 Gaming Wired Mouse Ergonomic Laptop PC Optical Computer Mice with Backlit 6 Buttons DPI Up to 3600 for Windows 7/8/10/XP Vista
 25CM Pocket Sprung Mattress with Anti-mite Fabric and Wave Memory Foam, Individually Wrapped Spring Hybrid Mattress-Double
---
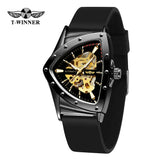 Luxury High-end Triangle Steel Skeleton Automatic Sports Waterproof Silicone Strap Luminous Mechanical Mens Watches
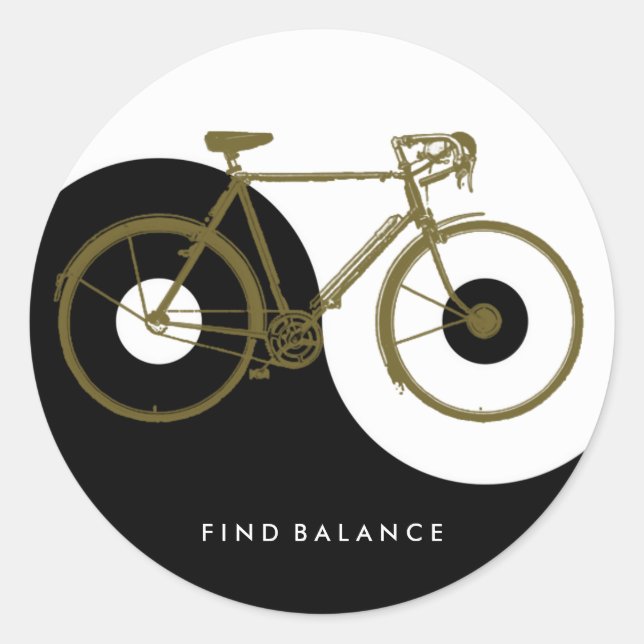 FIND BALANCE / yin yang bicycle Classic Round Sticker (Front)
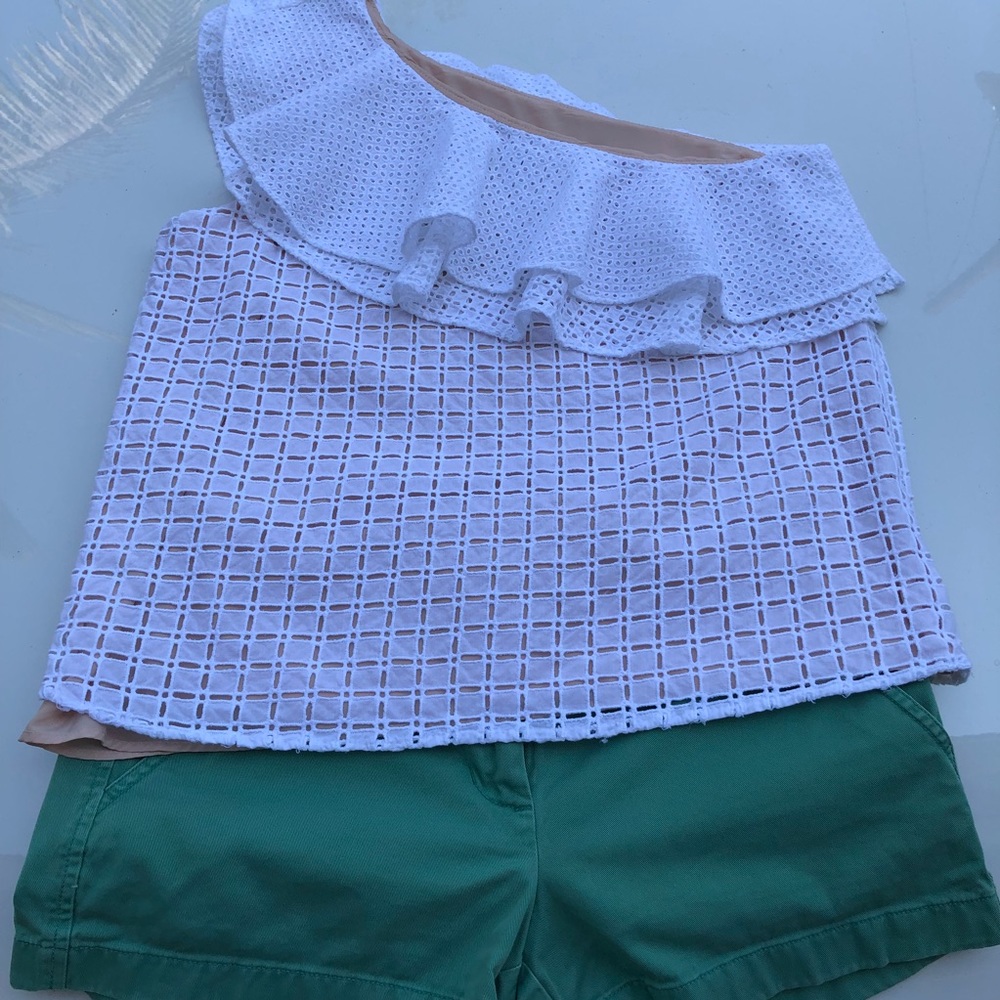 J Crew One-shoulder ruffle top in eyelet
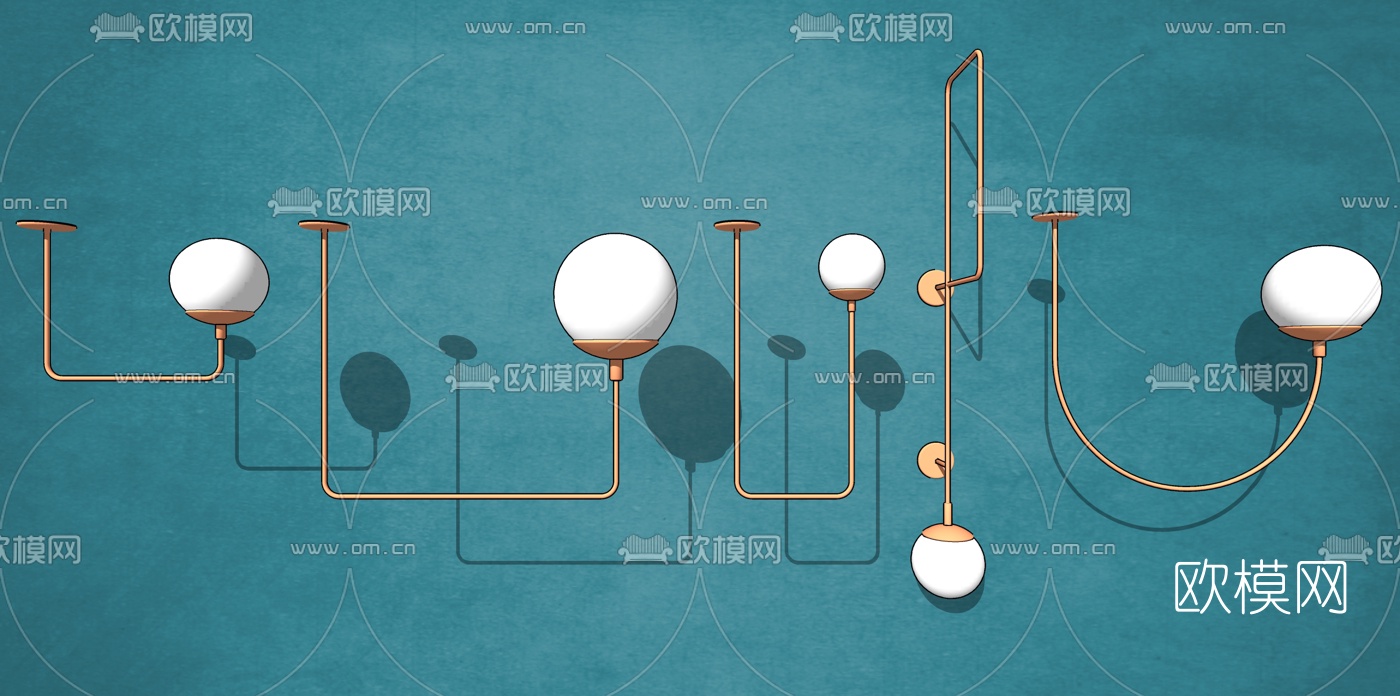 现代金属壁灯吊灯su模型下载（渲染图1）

WHAT YOU ARE ASKED TO DO - Out of the records above, return only the lines from the one with "FIND BALANCE /" through the one with "现代金属壁灯吊灯su模型下载（渲染图1）", exactly, and none of the pictures.

RESULT OF THE TASK -
 FIND BALANCE / yin yang bicycle Classic Round Sticker (Front)
 J Crew One-shoulder ruffle top in eyelet
 现代金属壁灯吊灯su模型下载（渲染图1）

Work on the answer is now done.